Krabi Krabong



Human beings were born with an instinct to fight for survival, especially self-defence against the most serious danger, that is, “the danger of war”. Each human race created methods of self-defence both with and without weapons, varing according to geographical and racial characteristics, until they became their national art of self-defence and a part of their culture. In Thailand, the Thai art of self-defence with bare hands is “Muay Thai” and one of those withweapons is, e.g., Krabi-Krabong. Both of the arts of fighting have kept Thailand an independent country up until the present day.
The Sukhothai, Ayudhaya, Thonburi and early Rattanakosin (Kings Rama I – IV) periods of Thailand were all periods of wars against invaders. All men bore the responsibility to be soldiers. The Thai tradition beleived that being a fighter was the important characteristic of “brave men”. Not only were the commoners fighters, but the nation’s leaders or kings had also to be brave fighters. Every type of fighting was considered to be an art for rulers. In the past, training for the art of Muay Thai and that for Krabi-Krabong would be carried out together, simultaneously. This was because in real fighting all sorts of weapons were used, but if the weapons had been dropped or fighting was at close quarters, the skill of Muay Thai would also be used.

Knowledge of Krabi-Krabong includes the equipment used in fighting, the skill of dancing, the fight itself and personal skills and talents. The following are the details:

Krabi-Krabong is the art of fighting with various kinds of weapons; both short and long, e.g. sword, long knife, long wooden staff, a glaive with curved blade, lance, short staff, and protective equipment, e.g. shields of various shapes.
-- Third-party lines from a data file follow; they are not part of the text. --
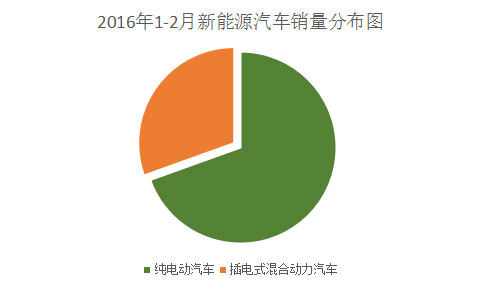 2016年1-2月新能源汽车销量35726辆 产销同比均增长1.7倍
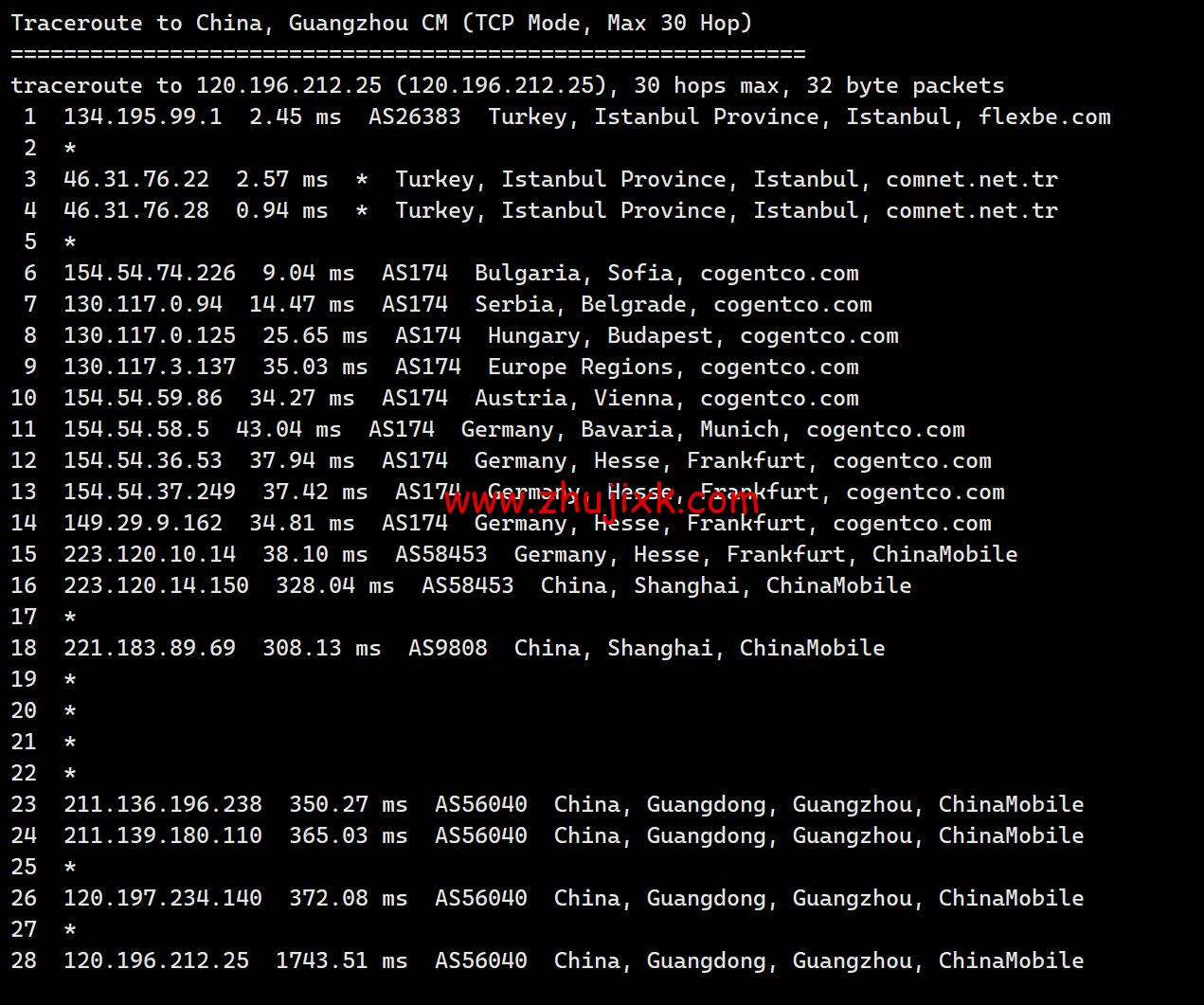 Justhost：土耳其机房，200Mbps 不限流量 vps，月付 1.73 美元起，简单测评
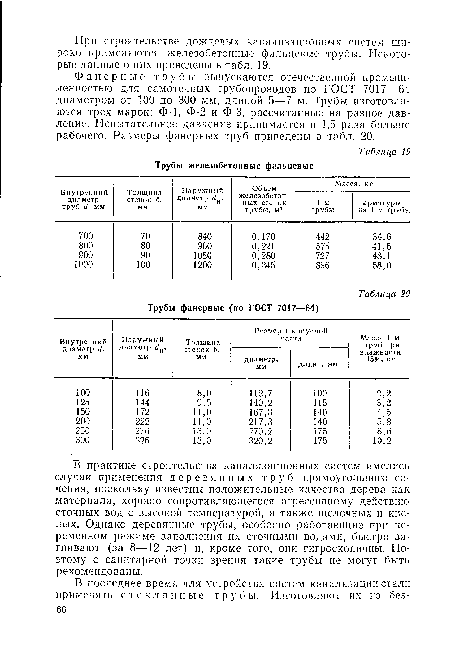 Фанерные трубы выпускаются отечественной промышленностью для самотечных трубопроводов по ГОСТ 7017—64 диаметром от 100 до 300 мм, длиной 5—7 м. Трубы изготовляются трех марок: Ф-1, Ф-2 и Ф-3, рассчитанные на разное давление. Испытательное давление принимается в 1,5 раза больше рабочего. Размеры фанерных труб приведены в табл. 20.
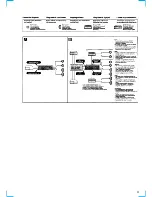 Предварительный просмотр 9 страницы Sony CDX-C4900R Service Manual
Each weapon can be used differently, as follows:

1. Krabi (long knife): a weapon for slashing and stabbing, made of good quality iron, flat with a pointed tip, to be used for fighting on level ground. 2. Daab (sword): a weapon for slashing and stabbing, made of good quality iron, flat with a curved tip, heavier than Krabi, to be used for fighting on level ground.

3. Ngaaw (glaive): a long weapon for slashing and stabbing, the Ngaaw itself is made of good quality iron, flat with a curved tip similar to that of the daab but shorter in length, with a long wooden handle, to be used for fighting at a distance from an elephant’s back 4. Plawng (long staff): also called “Si Sawk” (lit., “two yards”) is a long weapon for striking.